I’m wondering how these kids would have responded if their mothers had the same impatience when it was time for potty training. Can you imagine as they cried because they needed a diaper change if we rolled our eyes and
said ….Really? Again?

When it was time to teach them to ride a bike without training wheels how about if we said, “are you kidding me? too busy 2Didn’t I just show you this yesterday? Don’t you have a friend you can ask?”

I’m sure you fondly remember making yourself available to teach them how to throw a baseball, a football, a frisbee, to ice skate, swing a racquet, a golf club, do a cartwheel, a forward roll. Just imagine their faces if we had said, “does it have to be done right now?”

The list goes on and on of what we did with patience and smiles. We spent weeks explaining how to tie one’s shoelaces, sip from a cup, and then when it was finally accomplished we clapped like they had won the Pulitzer.

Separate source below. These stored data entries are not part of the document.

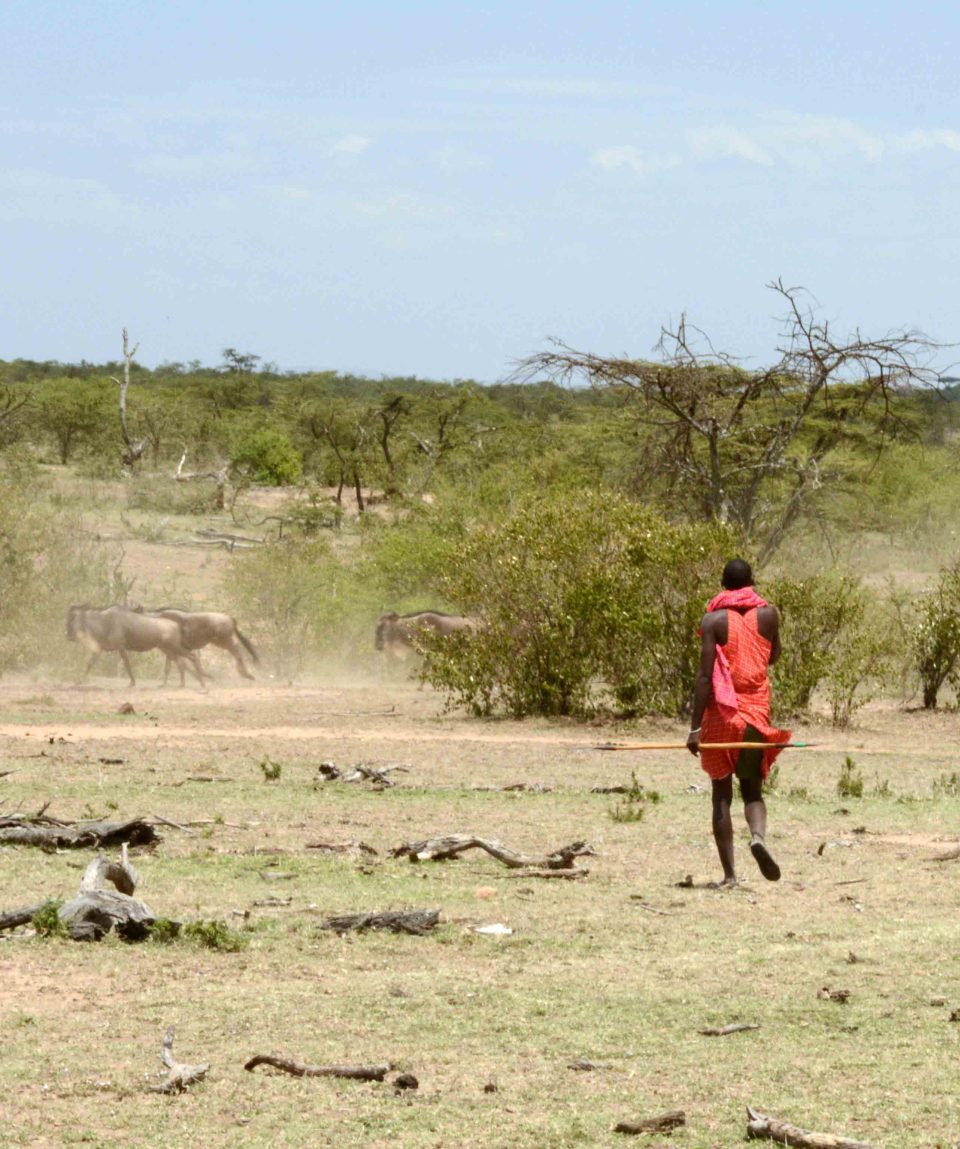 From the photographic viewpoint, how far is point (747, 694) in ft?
29.2

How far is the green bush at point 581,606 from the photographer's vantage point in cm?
1841

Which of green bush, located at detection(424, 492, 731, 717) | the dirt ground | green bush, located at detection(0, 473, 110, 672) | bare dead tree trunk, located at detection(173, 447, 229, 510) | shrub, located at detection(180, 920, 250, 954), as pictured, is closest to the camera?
the dirt ground

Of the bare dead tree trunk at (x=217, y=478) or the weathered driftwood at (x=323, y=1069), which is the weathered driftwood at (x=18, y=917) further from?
the bare dead tree trunk at (x=217, y=478)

You put your own socks on?! You pulled your pajama pants up?! YAY! Clap, Clap, Clap! I clapped so much I had calluses on my palms.

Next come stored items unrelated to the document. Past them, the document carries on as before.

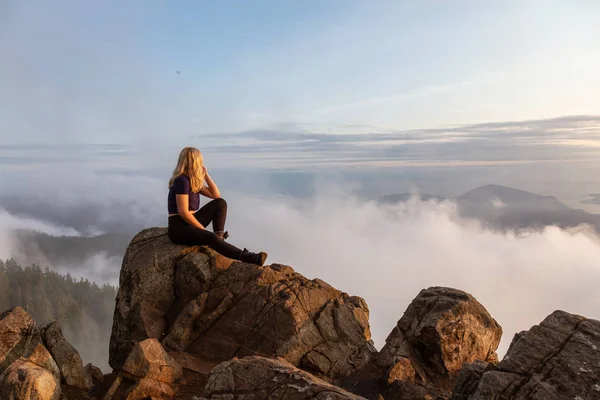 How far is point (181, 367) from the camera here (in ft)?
51.8

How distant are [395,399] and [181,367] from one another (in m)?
7.23

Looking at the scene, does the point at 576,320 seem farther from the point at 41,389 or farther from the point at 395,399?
the point at 41,389

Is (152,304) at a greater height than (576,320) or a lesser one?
lesser

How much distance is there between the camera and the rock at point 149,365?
1436 cm

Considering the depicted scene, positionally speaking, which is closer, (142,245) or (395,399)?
(395,399)

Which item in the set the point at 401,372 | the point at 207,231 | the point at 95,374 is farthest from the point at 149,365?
the point at 401,372

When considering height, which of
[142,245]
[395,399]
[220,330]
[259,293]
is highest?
[142,245]

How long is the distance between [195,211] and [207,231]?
1118 mm

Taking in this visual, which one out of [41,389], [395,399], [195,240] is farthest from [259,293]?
[41,389]

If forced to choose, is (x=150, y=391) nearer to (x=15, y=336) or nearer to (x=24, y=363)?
(x=24, y=363)

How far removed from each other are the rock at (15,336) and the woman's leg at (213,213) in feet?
24.1

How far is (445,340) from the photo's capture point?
16766 millimetres

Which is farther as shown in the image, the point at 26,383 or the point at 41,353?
the point at 41,353

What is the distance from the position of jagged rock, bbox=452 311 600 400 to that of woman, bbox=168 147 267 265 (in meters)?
10.3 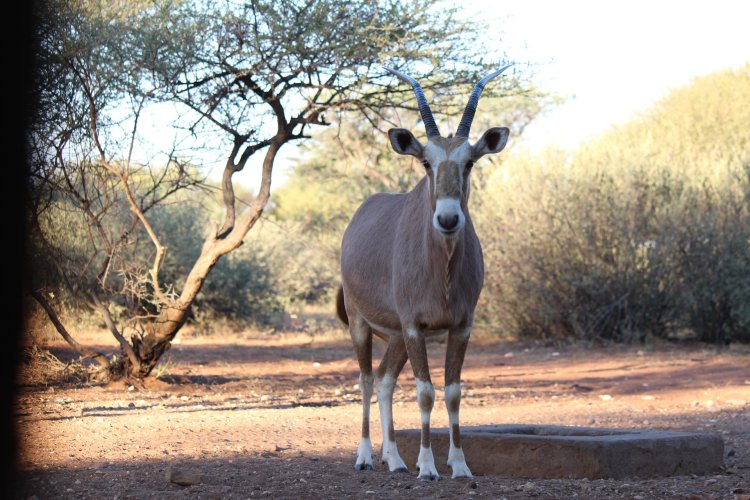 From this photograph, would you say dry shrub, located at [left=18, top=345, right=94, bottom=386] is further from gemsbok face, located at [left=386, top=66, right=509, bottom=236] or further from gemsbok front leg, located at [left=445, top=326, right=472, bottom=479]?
gemsbok face, located at [left=386, top=66, right=509, bottom=236]

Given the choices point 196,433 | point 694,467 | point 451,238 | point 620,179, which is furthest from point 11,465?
point 620,179

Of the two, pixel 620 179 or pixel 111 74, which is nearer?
pixel 111 74

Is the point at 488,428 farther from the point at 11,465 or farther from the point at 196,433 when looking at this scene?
the point at 11,465

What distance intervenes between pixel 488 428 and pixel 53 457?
299cm

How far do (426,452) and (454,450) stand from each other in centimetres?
19

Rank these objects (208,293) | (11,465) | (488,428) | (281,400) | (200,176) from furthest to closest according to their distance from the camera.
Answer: (208,293), (200,176), (281,400), (488,428), (11,465)

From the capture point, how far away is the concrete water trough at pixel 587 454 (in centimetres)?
584

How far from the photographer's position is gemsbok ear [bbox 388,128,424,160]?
589 centimetres

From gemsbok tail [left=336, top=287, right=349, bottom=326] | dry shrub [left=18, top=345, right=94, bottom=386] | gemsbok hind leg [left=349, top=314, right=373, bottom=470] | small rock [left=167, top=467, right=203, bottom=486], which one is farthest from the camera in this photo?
dry shrub [left=18, top=345, right=94, bottom=386]

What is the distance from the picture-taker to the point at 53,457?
21.2 ft

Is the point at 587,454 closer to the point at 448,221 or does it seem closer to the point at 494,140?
the point at 448,221

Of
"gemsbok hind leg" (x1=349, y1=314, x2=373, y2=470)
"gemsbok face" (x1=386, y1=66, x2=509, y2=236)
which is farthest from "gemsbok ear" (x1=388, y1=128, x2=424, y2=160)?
"gemsbok hind leg" (x1=349, y1=314, x2=373, y2=470)

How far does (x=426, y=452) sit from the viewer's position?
5.89m

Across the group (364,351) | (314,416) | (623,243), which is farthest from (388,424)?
(623,243) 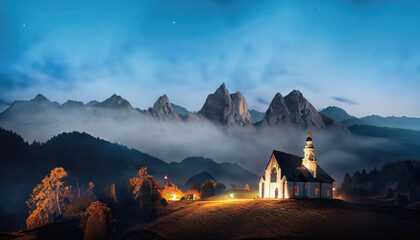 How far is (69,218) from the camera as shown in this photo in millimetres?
78188

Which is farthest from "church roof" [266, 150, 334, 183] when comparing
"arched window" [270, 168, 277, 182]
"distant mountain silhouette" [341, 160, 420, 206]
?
"distant mountain silhouette" [341, 160, 420, 206]

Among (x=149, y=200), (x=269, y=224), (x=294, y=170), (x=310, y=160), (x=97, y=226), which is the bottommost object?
(x=97, y=226)

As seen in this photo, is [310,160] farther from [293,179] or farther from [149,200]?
[149,200]

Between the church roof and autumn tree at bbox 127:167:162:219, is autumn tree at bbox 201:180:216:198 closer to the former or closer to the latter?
autumn tree at bbox 127:167:162:219

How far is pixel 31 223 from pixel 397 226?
74.7 m

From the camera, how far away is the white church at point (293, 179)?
74062 millimetres

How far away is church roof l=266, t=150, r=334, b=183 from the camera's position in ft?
247

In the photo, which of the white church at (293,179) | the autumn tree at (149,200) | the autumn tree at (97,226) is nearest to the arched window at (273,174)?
the white church at (293,179)

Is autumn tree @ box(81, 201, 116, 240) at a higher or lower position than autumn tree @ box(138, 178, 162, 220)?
lower

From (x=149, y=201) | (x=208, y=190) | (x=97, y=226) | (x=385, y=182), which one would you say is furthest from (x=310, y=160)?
(x=385, y=182)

I can’t remember ever once rolling my eyes at my kids, can you?

I didn’t think so.

A friend had the best retort when her son complained about helping her with her iPod. “Look, she said, it took me months to potty train you. Sit down and show me this.”

Right on, girlfriend.

I admit, technology issues do need to be explained a few times before I understand enough to be proficient. But once I have it down I’m pretty good at remembering how to do it. And sometimes, after getting impatient waiting to be shown how to do it, I figure it out. Our kids must think that if they just ignore us, maybe we will have to figure it out on our own. Maybe it’s their way of showing us tough love?

too busy 3Maybe we should have tried the tough love approach when they wanted us to teach them to parallel park.

But what a feeling when on my own, I do figure it out.

Hah! I want to shout. I did it! I did it!

Who needs those uber-busy, hyper connected, impatient and oh so brilliant, incredibly fast texting children anyway.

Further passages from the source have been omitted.